Skip pictures in the listing below; copy exactly the lines from the one with "hiRoki_add9's tweet photo." through the one with "vanvanV4の45周年シ", inclusive.

Given information
+ + + +

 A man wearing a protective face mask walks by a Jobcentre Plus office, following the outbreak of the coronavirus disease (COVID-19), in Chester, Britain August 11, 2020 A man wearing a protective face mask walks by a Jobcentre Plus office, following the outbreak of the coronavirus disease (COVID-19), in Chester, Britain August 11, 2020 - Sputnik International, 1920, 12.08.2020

+ + + +

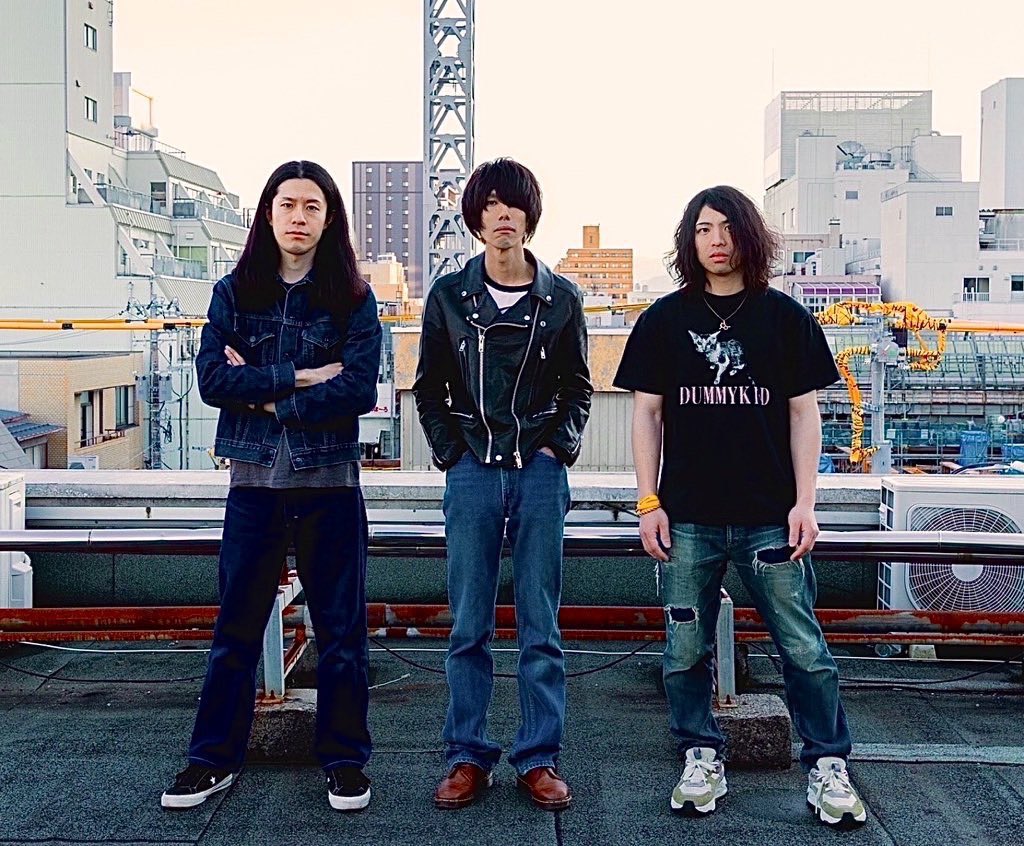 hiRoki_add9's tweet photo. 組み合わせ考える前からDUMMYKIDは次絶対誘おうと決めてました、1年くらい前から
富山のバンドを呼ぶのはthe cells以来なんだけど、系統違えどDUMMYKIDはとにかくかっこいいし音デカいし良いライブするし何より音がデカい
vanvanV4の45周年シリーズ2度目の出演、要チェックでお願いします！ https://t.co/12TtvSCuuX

+ + + +

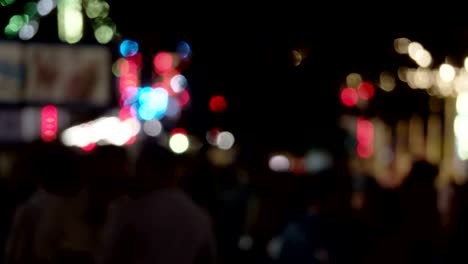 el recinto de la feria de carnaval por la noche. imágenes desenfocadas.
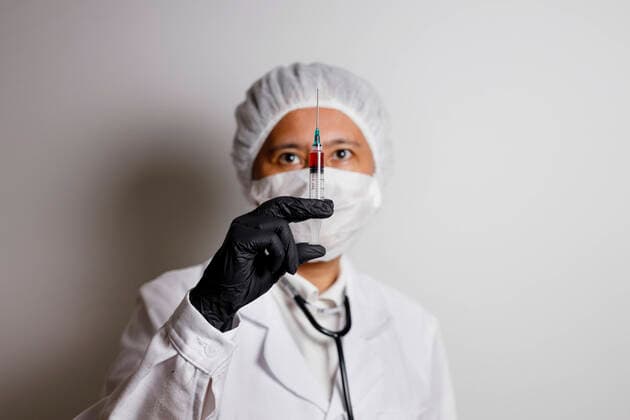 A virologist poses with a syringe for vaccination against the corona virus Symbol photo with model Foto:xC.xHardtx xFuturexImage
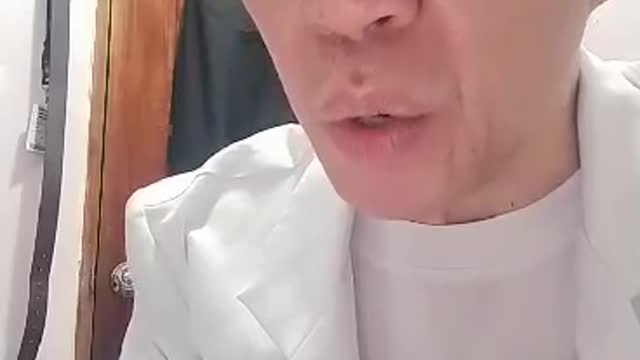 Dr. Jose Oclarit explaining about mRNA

+ + + +

Result of the exercise
 hiRoki_add9's tweet photo. 組み合わせ考える前からDUMMYKIDは次絶対誘おうと決めてました、1年くらい前から
富山のバンドを呼ぶのはthe cells以来なんだけど、系統違えどDUMMYKIDはとにかくかっこいいし音デカいし良いライブするし何より音がデカい
vanvanV4の45周年シリーズ2度目の出演、要チェックでお願いします！ https://t.co/12TtvSCuuX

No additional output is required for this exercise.